# jawfish



## newby30gallon (Jan 15, 2010)

how often do these fish attempt to jump out of tanks? in otherwords do you need a cover to keep them?


----------



## pretzelsz (Jan 14, 2010)

Jawfish I believe do now jump out of the tank they live in the sand bed. Firefish do jump out though. So I would say you don't need a cover(I am pretty sure maybe wait for someone with more experience) but if you are going with more fish just get some acrylic and make a cover to be safe.


----------



## Mike (Jul 16, 2006)

I would _definitely_ keep your tank is covered if you have a jaw fish. 

I had a blue dot jaw fish










that made the trip through the surface skimmer, up and down the u-tube, and into the prefilter compartment of our system where we found it struggling. 










Twice. :shock: (That's not my tank, it's just for illustrative purposes because I don't have a picture of my own overflow handy)


----------



## bearwithfish (Sep 29, 2009)

i would suggest any time a person puts fish in the tank they should have some sort of cover... now what cover can get interesting i have seen the heavy duty black ones, the all glass ones (i use these ), for those not worried about evaporation i have seen egg crate or bird netting used..... there are many options available....


----------



## newby30gallon (Jan 15, 2010)

i have had a 29 gal with no top for about six months and have had a firefish and no jumping as of yet.


----------



## onefish2fish (Jul 22, 2008)

ive had fish jump and found them crisp on the floor a few days later. i now leave the tank open top for temps, but with a nice tall canopy to keep things in.

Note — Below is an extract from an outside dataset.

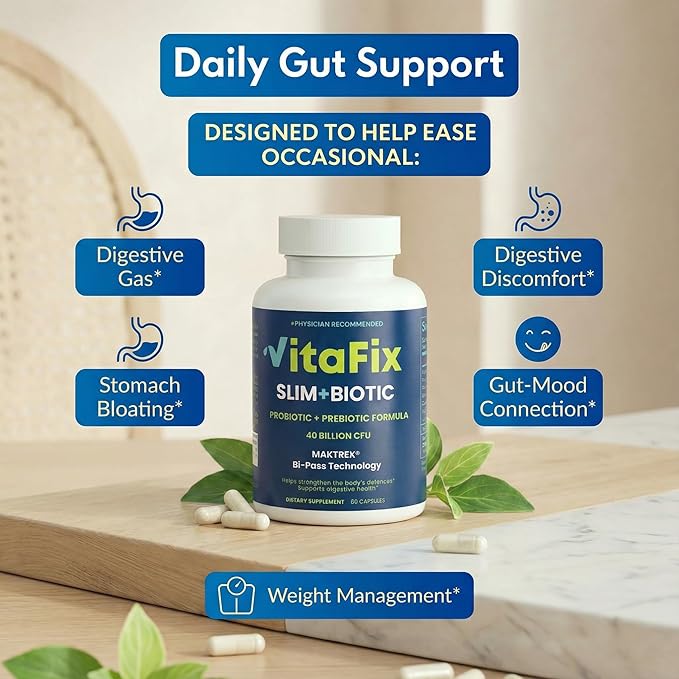Probiotic &amp Prebiotic SlimBiotic Synbiotic – 40 Billion CFU with MAKTREK® Bi-Pass Tech Helps Gut Health &amp Digestion Regularity Bloat Immune &amp Weight Loss For Women and Men (60 Ct) Glu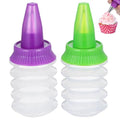 MAGICLULU 2Pcs Cookie Icing Bottles, Reusable Frosting Squeeze Bottles for Cake Decorating, 5.11 Inch Plastic Piping Tools for Precise Dessert Detailing and Royal Icing Application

ANY fish can jump, some more likely then others. a lid is a great idea but keep in mind some things lower your light penetration down to your corals.


----------



## Mike (Jul 16, 2006)

onefish2fish said:


> ANY fish can jump, some more likely then others.


That is true. I'll never forget the day I was sitting on the couch and noticed the stars and stripes puffer fish I used to have take a "running" start at one end of the tank and fly out of it, making it a few feet through the air before hitting the floor with a splat. I picked him up and put him right back in the tank and fortunately he was fine.



onefish2fish said:


> a lid is a great idea but keep in mind some things lower your light penetration down to your corals.


True. Do you think that the amount a glass cover reduces light penetration is any cause for concern if the fixture sits an inch above the glass?


----------



## onefish2fish (Jul 22, 2008)

Administrator said:


> That is true. I'll never forget the day I was sitting on the couch and noticed the stars and stripes puffer fish I used to have take a "running" start at one end of the tank and fly out of it, making it a few feet through the air before hitting the floor with a splat. I picked him up and put him right back in the tank and fortunately he was fine.
> 
> True. Do you think that the amount a glass cover reduces light penetration is any cause for concern if the fixture sits an inch above the glass?


 
directly over clean glass? no, however once salt creep takes on the glass it will effect your lighting. as long as you have no problem keeping the glass clean, you should be fine.


----------